The three Eastern Shore parishes are a considerable source of comfort and stability, but they are no match for the intense need of the thousands that live and work on these farms. Several parishes, particularly in Hampton Roads, have come alongside those on the shore for decades offering donations and teams of volunteers.
With the guidance and support of Jim Albright, Regional Coordinator with the Diocesan Office of Justice and Peace, and St. Peter’s ministry leaders Shirley Hirsch and Cathy Bredimus, Jeanne and I coordinated our first visit unofficially with half a dozen of our friends and teenagers last August.
As our caravan pulled into the dirt drive alongside an old farm house, St.
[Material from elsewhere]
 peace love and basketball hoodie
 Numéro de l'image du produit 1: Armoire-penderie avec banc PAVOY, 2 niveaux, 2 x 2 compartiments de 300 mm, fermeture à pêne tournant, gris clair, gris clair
Peter’s Hispanic worship team was already hooking up microphones and amplifiers. Luis Flores, a seminarian from Miami, set up a make-shift altar and began asking for Spanish speaking lectors.
By dusk, cars full of people began arriving, as dozens of others made their way across a field, coming out of their mobile homes to worship and pray. As St. Peter’s priest, Father Rodrigo C. Mingollo, “Father Rod,” began Mass we were for that moment one people. We were God’s people.
After Mass we pulled out refreshments as well as bags and boxes of donations we had brought with us. Clothing, shoes, socks, toiletries, and religious items including handmade Rosaries, were gratefully and respectfully sifted through by size and need.
Meanwhile the kids (ours and theirs) chased each other with glow sticks, and kicked around new soccer balls. It was a beautiful night, and the beginning of a relationship now a year in the making.
“I think there is a yearning in many of us to follow the advice of St. James when he said to put your faith in action,” said Jeanne Johnson.
“It is especially exciting to be able to give the young people in our community this type of mission experience. We’ve not had one teenager who did not want to go back again,” she added.
At Christmas, Norfolk’s St. Pius X families sent gifts and filled children’s stockings for a party sponsored by St. Peter’s. Fifty of the stockings were donated by St. Pius X Girl Scouts, and the parish also “adopted” a family with newborn twins by helping them with baby clothes and diapers.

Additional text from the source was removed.